We have proposed three novel Bayesian methods for performing independence tests for binary, continuous and mixed binary-continuous variables. All of these tests are nonparametric and based on the Dirichlet Process. This has allowed us to use the same prior model for all the tests we have developed. Therefore, all the tests are “consistent”, in the sense that the probabilities of dependence we compute with these tests are commensurable across the tests.
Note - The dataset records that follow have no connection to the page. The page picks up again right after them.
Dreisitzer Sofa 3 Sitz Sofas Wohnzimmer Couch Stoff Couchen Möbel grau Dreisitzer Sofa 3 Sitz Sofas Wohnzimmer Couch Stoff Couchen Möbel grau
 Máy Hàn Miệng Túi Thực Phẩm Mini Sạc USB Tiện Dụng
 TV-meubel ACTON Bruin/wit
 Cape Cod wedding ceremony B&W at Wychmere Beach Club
We have presented two versions of these tests: one based on a noninformative prior and one based on a conservative model of prior ignorance (IDP). Experimental results show that the prior ignorance method is more reliable than both the frequentist test and the noninformative Bayesian one, being able to isolate instances in which these tests are almost guessing at random. For future work, we plan to extend this approach in two directions: (1) feature selection in classification; (2) learning the structure (graph) of Bayesian networks and Markov Random Fields. The idea is to use our dependence tests to replace the frequentist tests that are commonly used for that purpose and evaluate the gain in terms of performance. For instance in case (1), we then could compare the accuracy of a classifier whose features are selected using our tests with that of a classifier whose features are selected by using frequentist tests. Our new approach is suitable since it addresses two limitations of currently used tests: they are based on null-hypothesis significance tests, and they cannot be applied to categorical and continuous variables at the same time in a commensurable way.